Medium Article: My Journey in Creating Automated Pipelines: Web Scraping, APIs, and Cloud Automation
Gans, an emerging e-scooter rental service, aims to establish a footprint in major global cities. They plan to deploy hundreds of e-scooters across city streets, offering them for rent by the minute. Despite gaining traction through an eco-friendly marketing strategy, their operational efficiency is critically dependent on the strategic positioning of these scooters.
Optimal positioning would naturally balance scooter distribution through user movement between key points. Nonetheless, several factors disrupt this balance:
In cities with varied elevation, scooters are preferred for uphill travel, leaving them unevenly distributed.
Morning routines typically involve commuting from residential areas to city centers.
Rainfall significantly reduces e-scooter usage.
The arrival of tourists, particularly those with backpacks arriving by plane, spikes demand at airports and train stations connecting to city centers.
My role as a Data Engineer at Gans involved gathering external data to anticipate e-scooter movement patterns. This entailed daily, real-time data collection accessible company-wide, thus necessitating the development and automation of a cloud-based data pipeline.
Python (Pandas)
Data acquisition via Web Scraping (Beautifulsoup) and APIs
Cloud Computing with Google Cloud Platform
SQL Database Management (SQLAlchemy for Python-MySQL interaction)
Employing web scraping, I extracted city-related data from Wikipedia using Beautiful Soup. This method facilitated the retrieval of structured data from HTML, allowing for dataframe creation. By leveraging Wikipedia's consistent URL structure across city pages, I devised a function to automate data extraction. This approach addressed Wikipedia's varied HTML structures for different cities, particularly for data like population figures, by incorporating conditional logic to ensure continuity in data collection.
For weather forecasts, I utilized OpenWeather's API, specifically their 5-day forecast offering. The API's data, formatted in JSON, allowed for easy manipulation and integration into our data model.
Flight data was sourced through AeroDataBox via Rapid API, a marketplace simplifying API usage. Functions were developed to fetch and structure this data into dataframes, focusing on acquiring next-day flight arrival times to aid operational planning.
Following data collection, the resultant city, weather, and flight data were organized into dataframes and stored in a MySQL database for analysis.
Transitioning the local data pipeline to the cloud was a crucial step for enhancing Gans' operational efficiency by providing real-time insights into e-scooter demand influenced by weather changes and flight arrivals. The migration to Google Cloud Platform (GCP) entailed setting up a scalable, cloud-based infrastructure for data storage and processing.
Initially, I established a MySQL database within GCP to serve as our central repository for storing weather, city, and flight data. This involved creating a relational database instance and configuring it for secure access.
To modernize our approach to data processing, I leveraged Google Cloud's serverless computing solution, specifically Google Cloud Functions. This Function as a Service (FaaS) model enabled me to deploy individual functions that execute in response to cloud events, such as HTTP requests or Cloud Scheduler triggers, without the need to manage server infrastructure.
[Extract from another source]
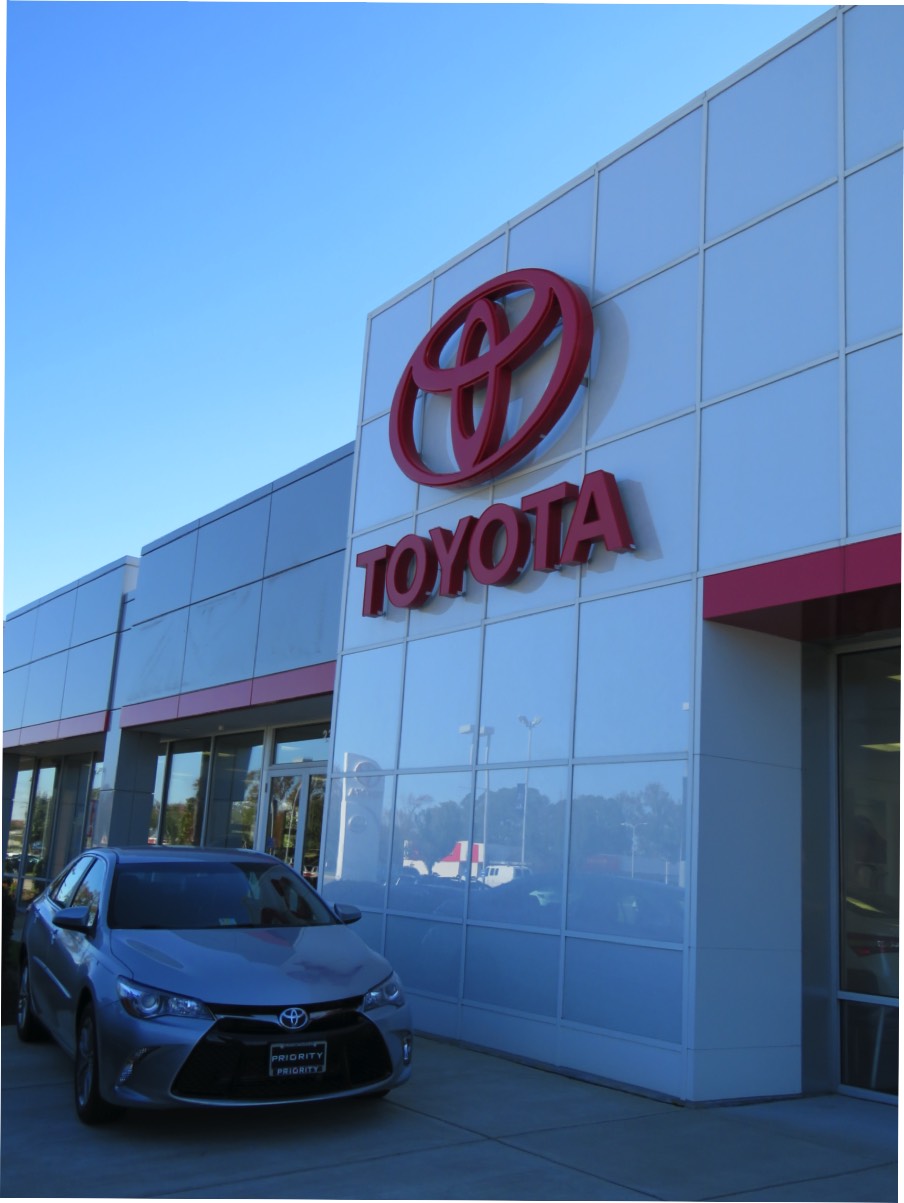RK Toyota, Hampton, VA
A pivotal component of our cloud-based solution was a set of Google Cloud Functions designed to update our database with the latest weather and flight information. These functions were triggered automatically, ensuring that our data remains current and reliable for making operational decisions.
To automate the execution of our data collection and processing tasks, I utilized GCP's Cloud Scheduler. This fully managed cron job service allowed us to schedule our Cloud Functions to run at predetermined intervals, guaranteeing that Gans always has access to the most recent data without manual intervention.